The Department of Statistics is engaged in research and education in probability and statistics. In addition to developing fundamental theory and methodology, they are actively involved in statistical problems that arise in such diverse fields as molecular biology, geophysics, astronomy, AIDS research, neurophysiology, sociology, political science, education, demography, and the U.S. Census.
EECS offers research and instructional programs in electrical engineering and computer science. Their key strengths lie in the integration of fundamental theoretical ideas with practical applications, leading to a wide range of cross-disciplinary, collaborative projects. The integration of electrical engineering and computer science forms the core, with strong interactions that extend into biological sciences, mechanical and civil engineering, physical sciences, chemistry, mathematics, operations research, and more.
ECAI, established in 1997 by Emeritus Prof. Lewis Lancaster of UC Berkeley, is a digital humanities initiative involving numerous professors and institutions around the world with the stated goal of creating a networked digital atlas by creating tools and setting standards for dynamic, digital maps.
The Energy Frontier Research Center for gas separations relevant to clean air technologies at UC Berkeley focuses on the energy costs associated with the separation of CO2 from gas mixtures. The long-term goal of this EFRC is to develop the science and materials that will contribute to the reduction of the parasitic energy costs of carbon capture and sequestration.
Founded in 2004, the XLab is a laboratory for conducting experiment-based investigations on issues of interest to social scientists. XLab enables researchers to explore the wellsprings of human decision making, especially where it involves decisions with monetary consequences. The XLab is thus an "economics wind tunnel" whereby social scientists can test out various theories that help us understand economics and other forms of human behavior.

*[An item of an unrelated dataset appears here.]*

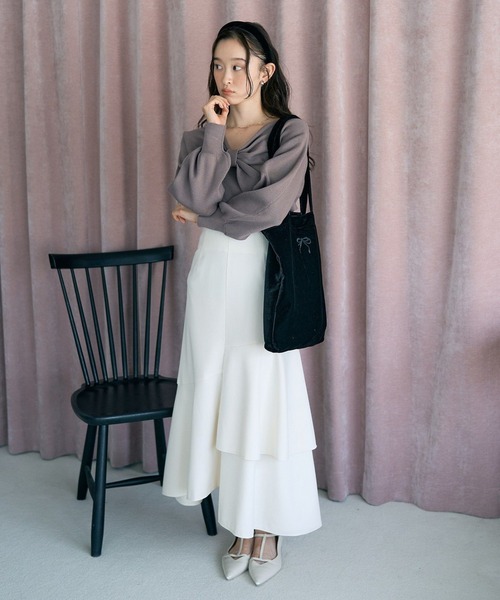 earth music&ecology(アースミュージックアンドエコロジー)の「【WEB限定/セットアイテム】リボンニットアンサンブル(ニット/セーター・レディース・ブラック/ピンク/モカ/アイボリー・FREE)」の8枚目の写真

The GIF at UC Berkeley's College of Natural Resources provides leadership and training across a broad array of integrated mapping technologies. Our goal is to help people better understand the changing world through the analysis and visualization of spatial data. We develop engaging applications that leverage and build upon state-of-the-art geospatial and web technologies and provide opportunities for researchers to learn how they can use spatial data to answer critical questions.